Cape Codders and the Sea
Coastal packet boats, the first commercial vessels on Cape Cod, flourished in the first half of the 19th century carrying mail, passengers, salt, and other cargo to Boston and New York. These boats were built in local yards from local lumber and captained by local men. The rivalry and pride among the various Cape towns for the fastest and most seaworthy packets stood the Cape men in good stead when the new Republic began to engage in international trade. Cape Codders, in fact, were among the first to sail the American flag into many foreign ports and uncharted seas. Captain John Kendrick of Harwich sailed from Boston in 1787 in the Columbia, the first American ship to circumnavigate the globe. A Brewster captain, Elijah Cobb, was captured by a French frigate during the French Revolution and made a successful appeal to Robespierre for release. After the War of 1812, many Cape Codders captained the first of the transatlantic Liverpool packets. But their true glory awaited them on the decks of the clipper ships, those majestic sailing vessels of the 1840s and ’50s. With their sleek hulls and tapered sterns, towering masts and double courses of sails, their speed and maneuverability in sailing into the wind, the “Yankee clippers” were generally regarded as the finest wooden ships ever made. They counted scores of Cape Codders among their captains, many of whom set transoceanic sailing records that still stand today. To cite only one, and not the most modest example, the following gravestone for Freeman Hatch, 1820-89, can be found in an Eastham cemetery: “He became famous making the astonishing passage in the clipper ship Northern Light from San Francisco in 76 days 6 hours—an achievement won by no mortal before or since.”
This waterfront pass was issued to lighthouse keeper C. E. Turner of Wellfleet.
This sailing card is for a clipper ship named after its owner, Osborn Howes, a Dennis native who with his brother-in-law ran an international shipping fleet out of Boston in the 1800s. He managed or owned 43 vessels in his 87 years.
Decked out in top hats about 1855, Brewster sea captains Charles Crosby (left) and James Edwin Crosby flank an unidentified English captain.

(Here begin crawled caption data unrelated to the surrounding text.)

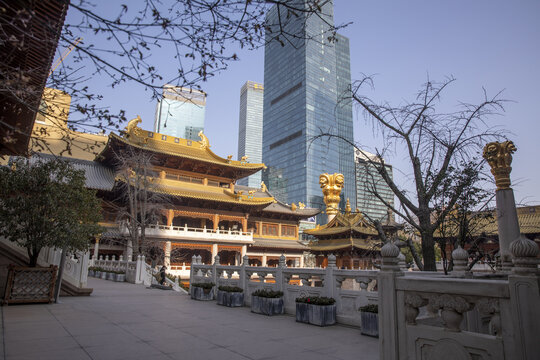 上海静安寺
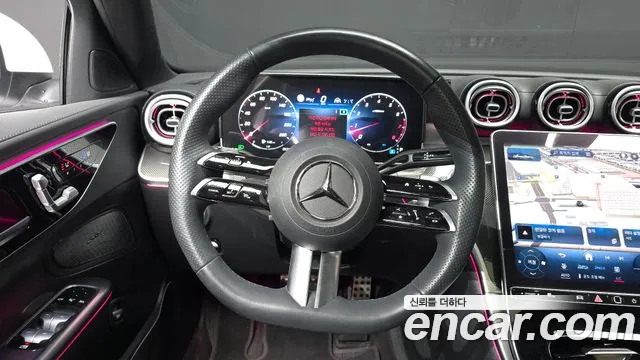 Mercedes-Benz C-Class — Фото автомобиля 13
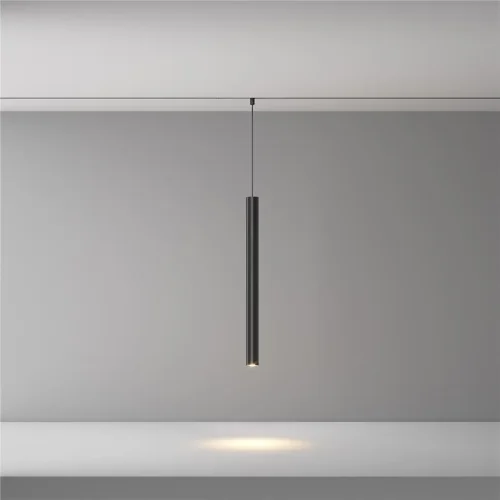 Трековый светильник Фокус / Focus Led Exility X 3000K 7Вт 36° (Черный) TR245-7W3K-B - фото 4
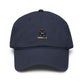Gorilla Graphic Baseball Cap — Washed Cotton Dad Hat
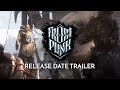 FROSTPUNK | Official Release Date Trailer - "Serenity"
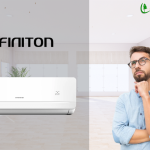 Infiniton aire acondicionado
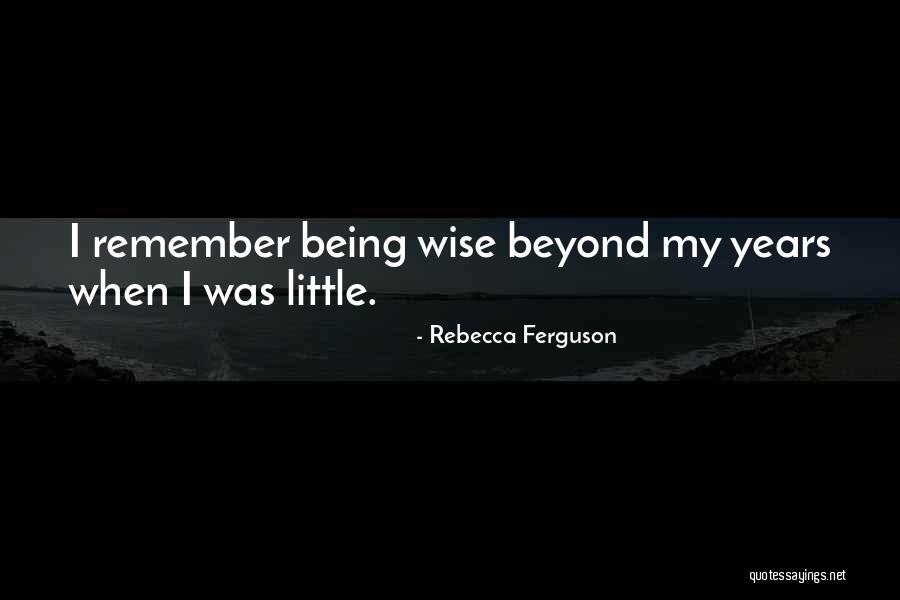 Lechon Manok Quotes By Rebecca Ferguson Lechon Manok Quotes By Rebecca Ferguson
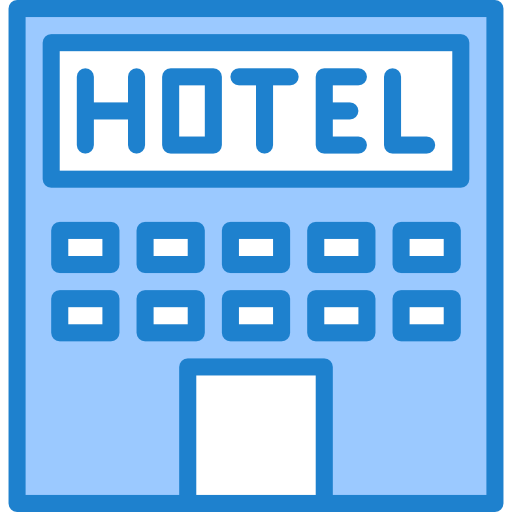 hotel icono gratis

Asa Eldridge (right) of Yarmouth served as captain of the clipper ship Red Jacket (above) when it set a record crossing from New York to Liverpool of 13 days, 1 hour. Eldridge was lost in the North Atlantic in February 1856 with the steamer Pacific.
Sailors in the 19th century used octants to determine their latitude by measuring the sun’s angle above the horizon at noon. Tables converted that figure for the day, month, and year into distance north or south of the equator.